Chapter Text
“He—oh! Oh, uh… wow. Hi, Tsukki.”
It’s only a brief flicker of the spectrum of human expression, but Kei watches Tadashi’s face shift in real time. It starts with his usual easy, good-natured smile faltering into open shock, before shifting into something far less innocent.
Kei swears he can feel the heat in Tadashi’s gaze as it travels slowly down his body with an intensity that is wholly unwelcome. Tadashi traps his bottom lip between his teeth, worrying it plump and red before his eyes trail back up to meet his face once again.
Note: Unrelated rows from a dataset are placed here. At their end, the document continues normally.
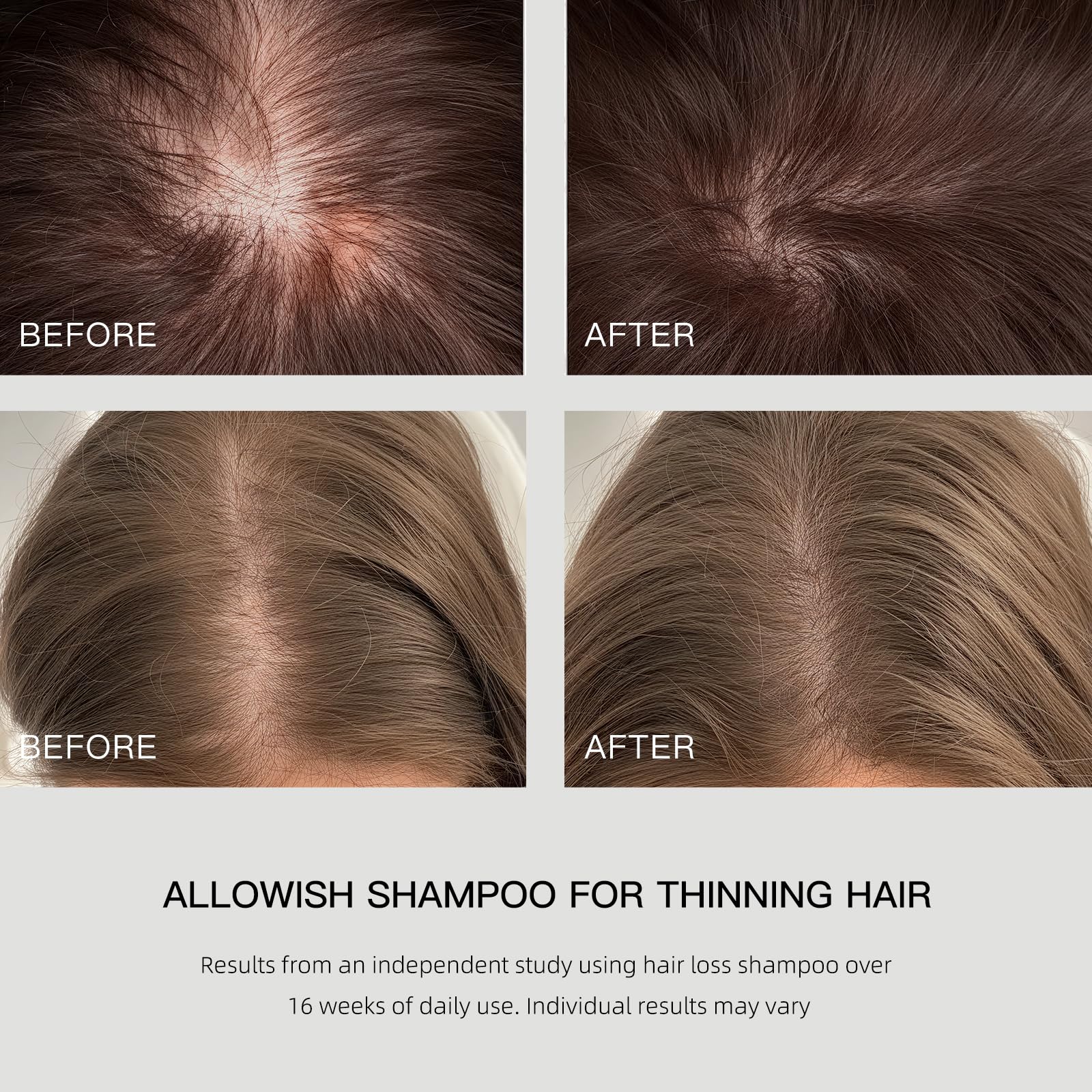 ALLOWISH rosemary oil ingredient close-up hints natural scalp support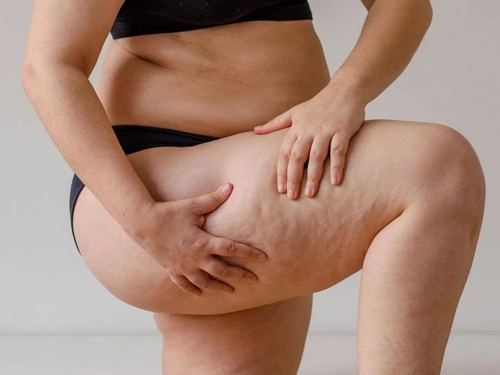 Lipödem Ameliyatı Riskli midir?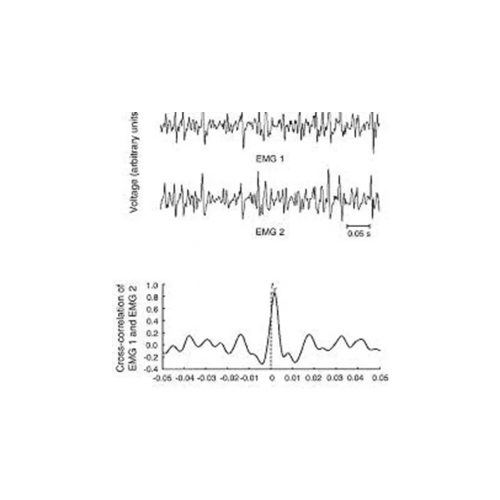 EMG Electromyography Machine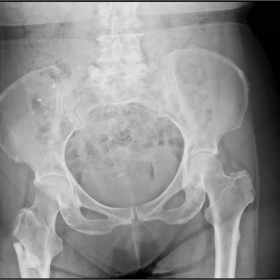 AP radiograph of the pelvis - right subtrochanteric fracture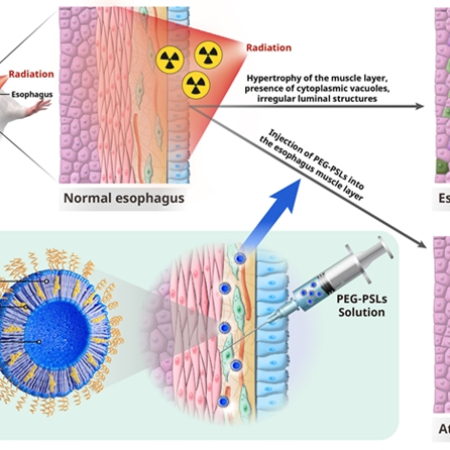 Mitigation of radiation-induced esophageal fibrosis by macrophage-targeted phosphatidylserine-containing liposomes with partial PEGylation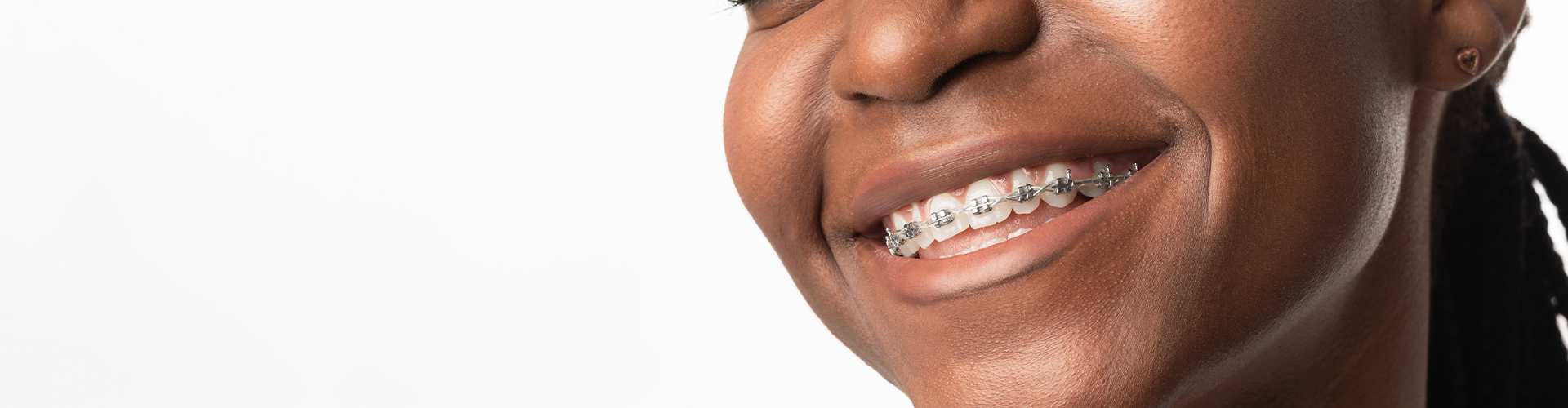 woman smiling with braces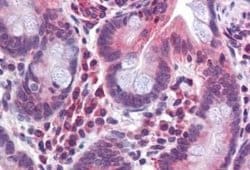 TMPRSS4 Antibody, Novus Biologicals 50 &mu;g | Buy Online | Novus Biologicals | Fisher Scientific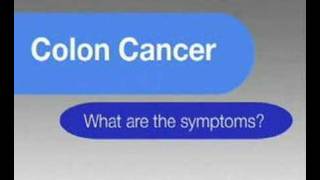Colon cancer symptoms and information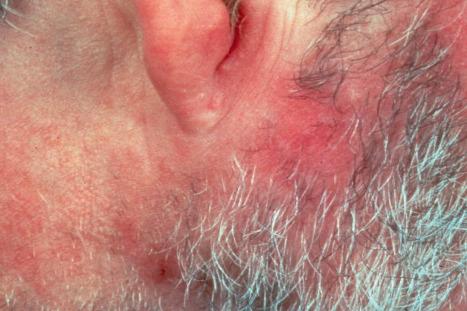 Fig. 29.71, Folliculotropic mycosis fungoides: erythematous lesions are present in the beard area and on the neck. The patient had associated mycosis fungoides.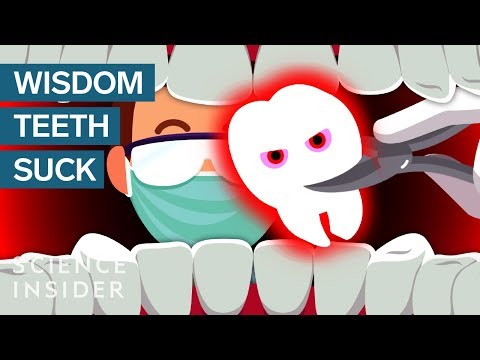 Why Do Wisdom Teeth Suck Ejoy English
Kei doesn’t miss the faint blush spreading across his best friend’s cheeks either, a wash of pink settling over those familiar freckles.
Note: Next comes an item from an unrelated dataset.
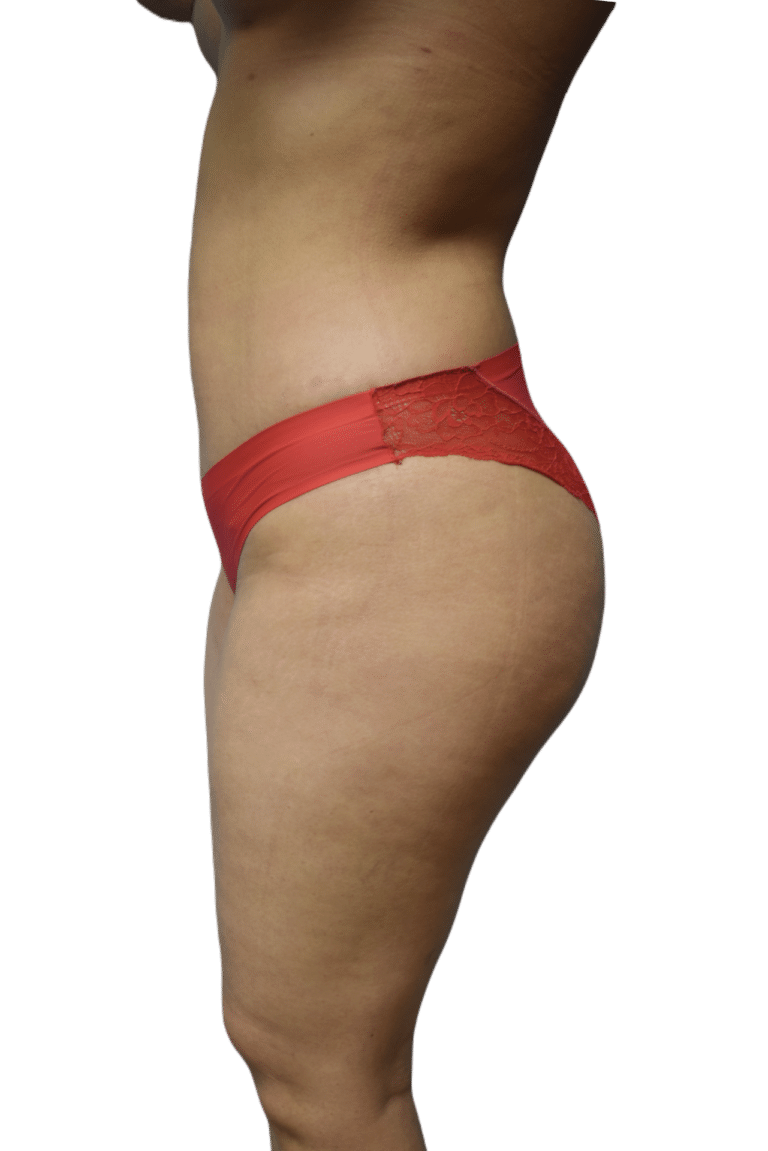 After Image: Brazilian Butt Lift - left-side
It’s deeply irritating and highly disturbing.
He’s never seen his best friend’s eyes darken like that before; there’s a hunger there that makes Kei feel slightly nauseous.
“Stop,” Kei says, disgusted.
Tadashi immediately averts his gaze, snapping his head to the side. The guilt is written all over his face.
“Sorry, Tsukki!” Tadashi says, rubbing the back of his neck sheepishly as he squeezes his eyes shut, like he’s trying to forget the fact that he just shamelessly checked out his childhood best friend. “When you called… I seriously thought, well, I thought you were joking.”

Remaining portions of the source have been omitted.